Es gibt drei Möglichkeiten, eine Verbindung mit Amazon Web Services Elastic Compute Cloud (AWS EC2) und Amazon Relational Database Service (RDS) herzustellen, und für alle drei gibt es mehrere Voraussetzungen. Bevor Sie anfangen, die Verbindung zu konfigurieren, müssen Sie sich für die Methode entscheiden, die sich für Ihr Unternehmen am besten eignet, und die damit verbundenen Voraussetzungen schaffen. Zusammenfassungen aller Methoden sind unten aufgeführt:

  • Konfiguration von Verbindungen zu AWS (FlexNet Beacon auf EC2-Instanz installiert) mithilfe von IAM-Rollen Diese Methode ist eine Erweiterung der auf Rollen basierenden Methode (unten aufgeführt). Dabei wird FlexNet Beacon direkt auf einer EC2-Instanz installiert, was es für Benutzer überflüssig macht, Anmeldeinformationen zur Bestätigung ihrer Identität einzugeben. Diese Methode stützt sich auf die Best-Practice-Richtlinien von Amazon, die zur Verbesserung der Sicherheit eine Minimierung der Verwendung langfristiger Zugriffsschlüssel empfehlen. Wie immer muss die von Ihnen gewählte Inventarisierungsstation (in diesem Fall auf einer EC2-Instanz) Zugriff auf das Internet haben, sodass sie sich mit dem zentralen Anwendungsserver für IT-Asset-Management verbinden kann, um Inventar hoch- und die Inventarisierungsstations- und Geräterichtlinie herunterladen zu können. Bei dieser Methode müssen Sie außerdem:
    • Sicherheitsrichtlinien erstellen
    • Eine Rolle für Identitäts- und Zugriffsverwaltung (IAM) erstellen (die einer EC2-Instanz zugewiesen wird, auf der FlexNet Beacon installiert ist)

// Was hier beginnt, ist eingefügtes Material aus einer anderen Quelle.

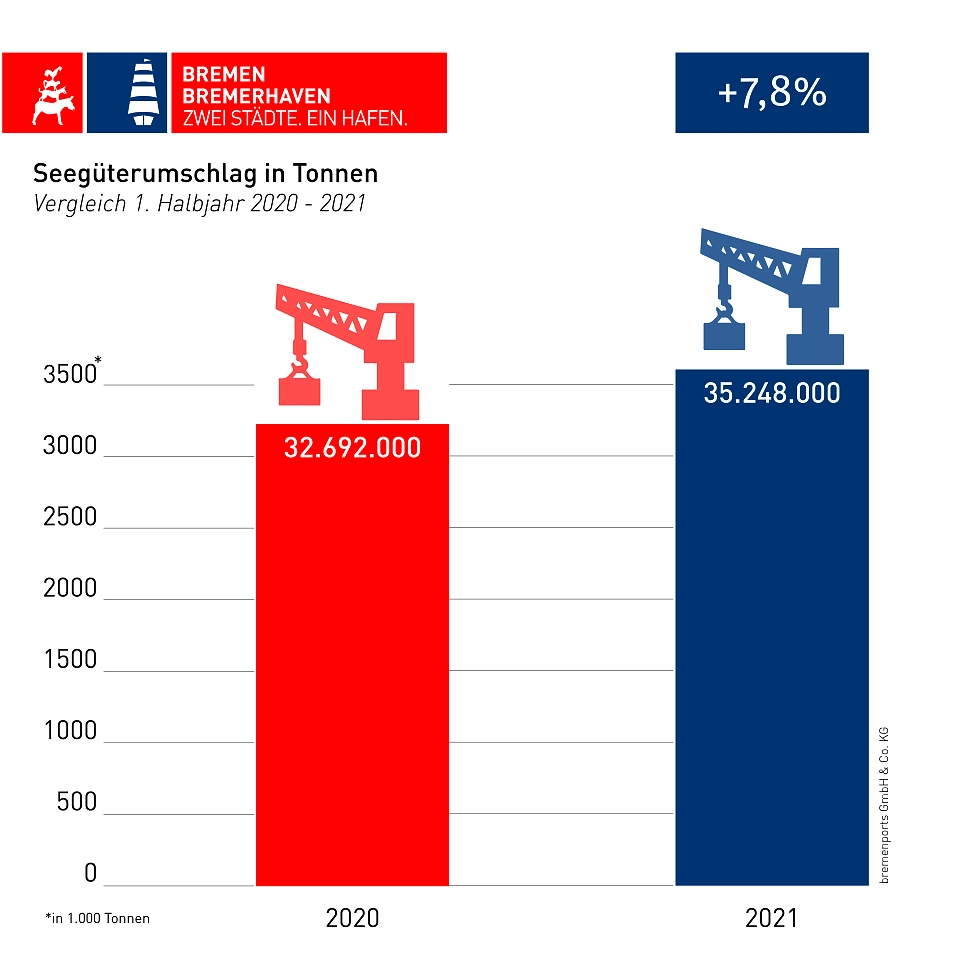 Seegüterumschlag in Tonnen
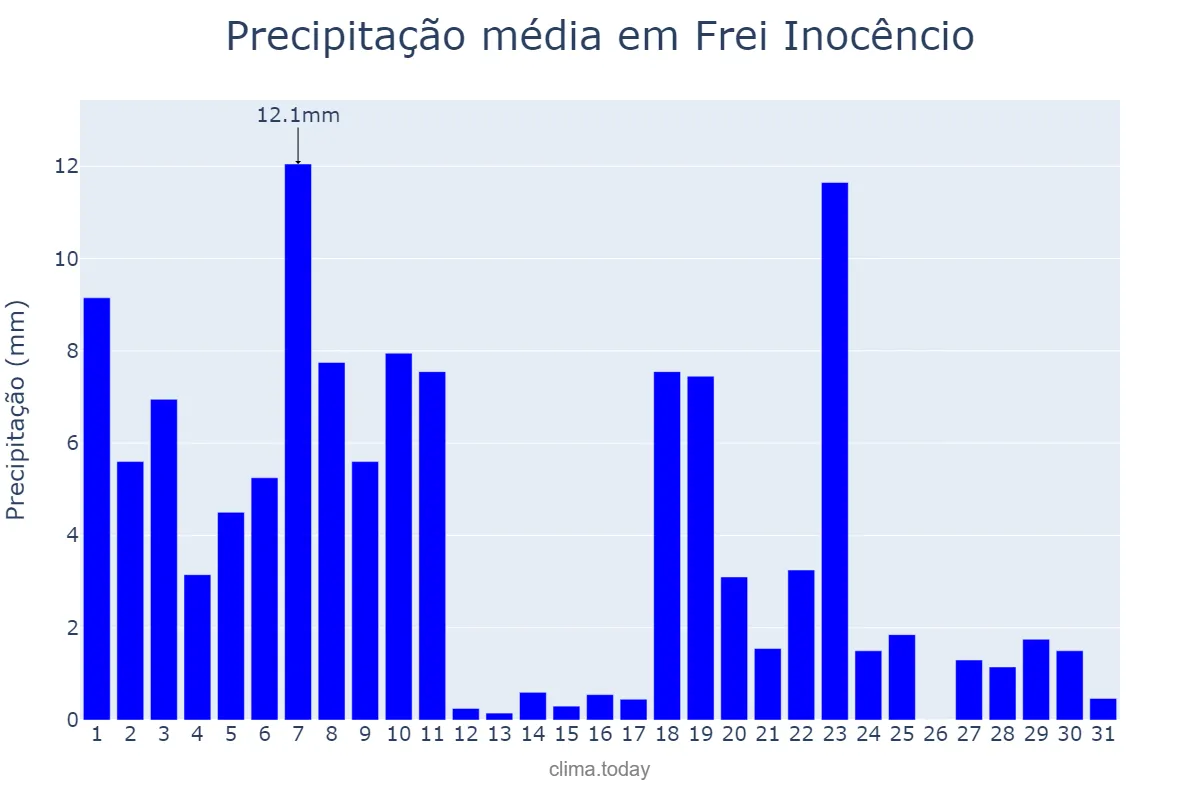 Precipitação em dezembro em Frei Inocêncio, MG, BR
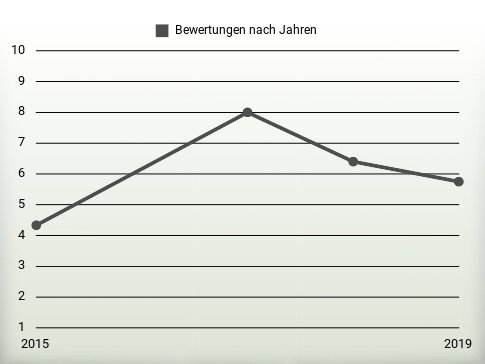 Bewertungen nach Jahren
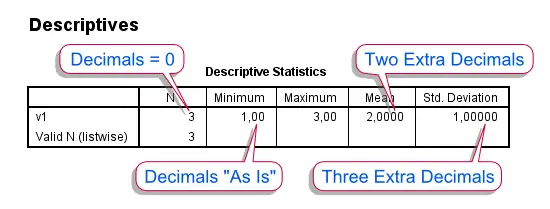 tonne meter how to set number of decimals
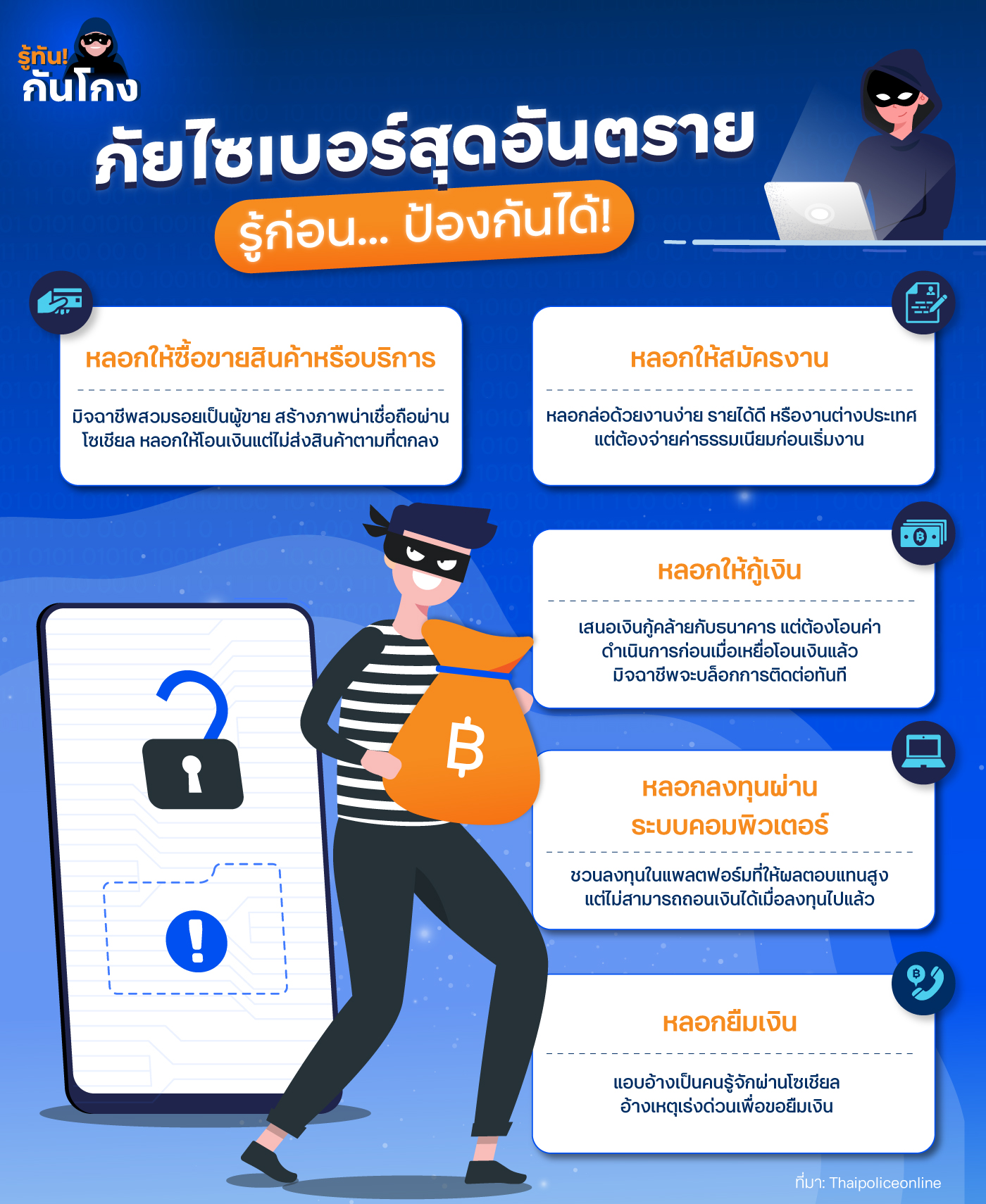 ภัยไซเบอร์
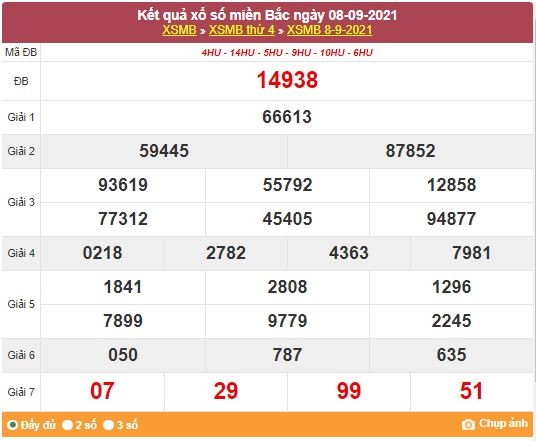 Kết quả XSMB ngày 9/9/2021 - Dự đoán, soi cầu trực tiếp xổ số miền Bắc hôm nay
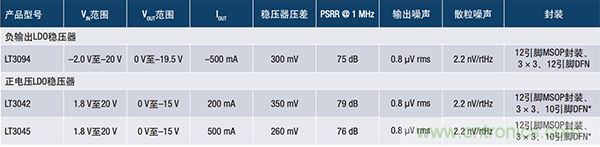 使用超低噪声LDO对电源的影响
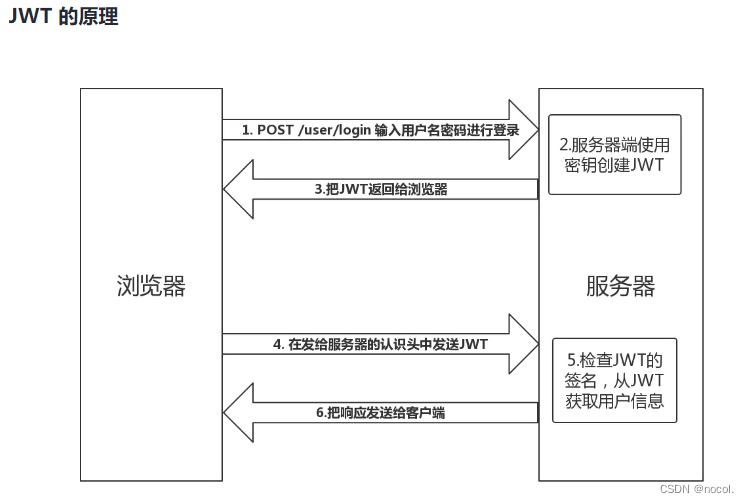 cookie、session、token、表单、json、jsonp、websocket、ajax都是什么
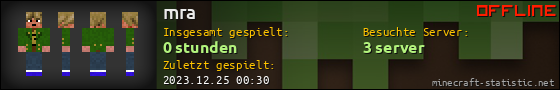 Benutzerleisten 560x90 für mra
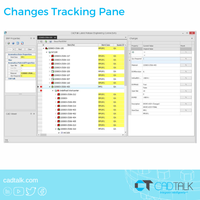 Panel de seguimiento de cambios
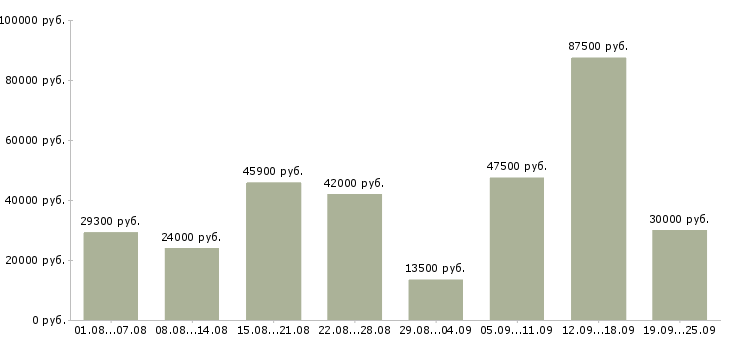 Вакансии на лето Башкортостан - Медиана зарплат на лето Башкортостан за 2 месяца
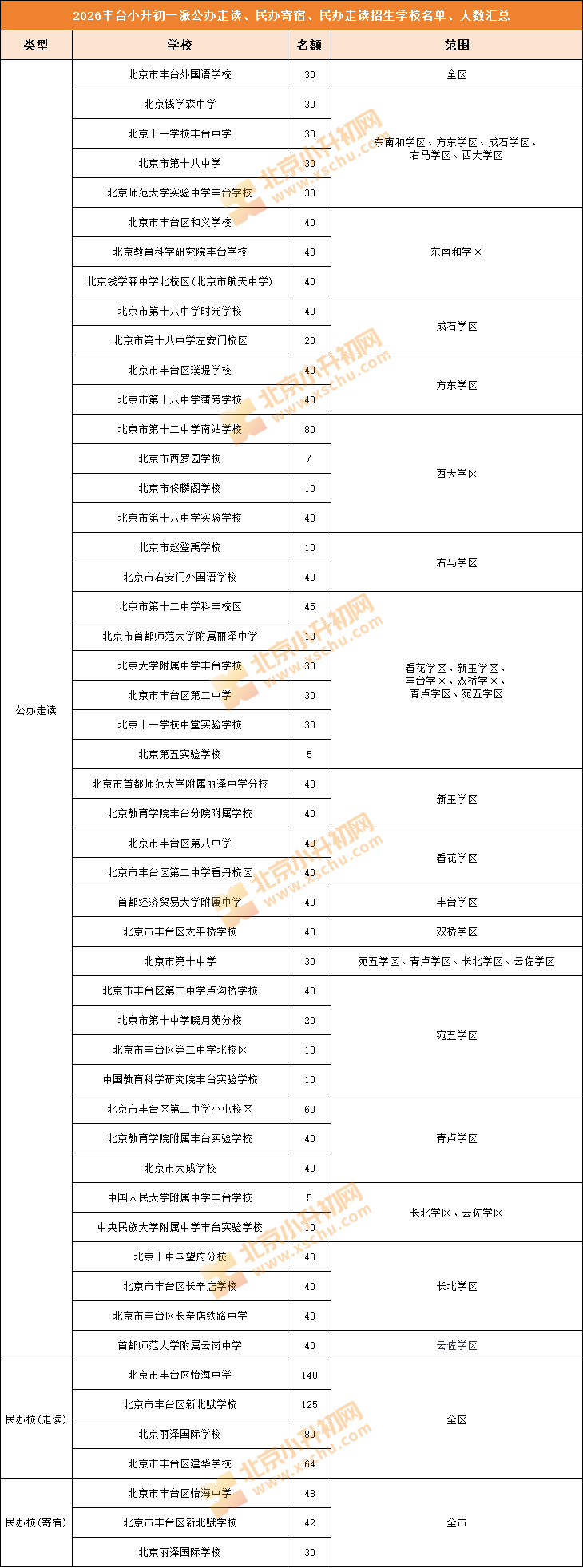 2026年丰台小升初第一批次派位(公办走读、民办寄宿、民办走读)招生学校名单、人数、范围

    • Dann weitere IAM-Rollen auf allen anderen Konten anlegen, damit FlexNet Beacon Inventar von mehr als einem Konto erfassen kann
    Schaffen Sie zur Verwendung dieser Methode die unten genannten Voraussetzungen und führen Sie dann Folgendes durch Konfiguration von Verbindungen zu AWS (FlexNet Beacon auf EC2-Instanz installiert) mithilfe von IAM-Rollen
    Hinweis: Während der Konfiguration verarbeitet Ihr AWS Systems Manager Agent (SSM Agent) Anforderungen vom Systemmanagerservice in der AWS Cloud und führt diese dann wie in der Anforderung gewünscht aus. Der SSM-Agent sendet dann über den Amazon Message Delivery Service (Dienstpräfix: ec2messages) Status und Ausführungsinformationen zurück an den Systemmanagerdienst. Wenn die Konfiguration fehlschlägt, müssen Sie das Skript InitializeInstance.ps1 verwenden, das von Amazon bereitgestellt wird und per Voreinstellung auf jeder EC2-Instanz installiert ist. Die Metadaten werden von der IP-Adresse 169.254.169.254 abgerufen.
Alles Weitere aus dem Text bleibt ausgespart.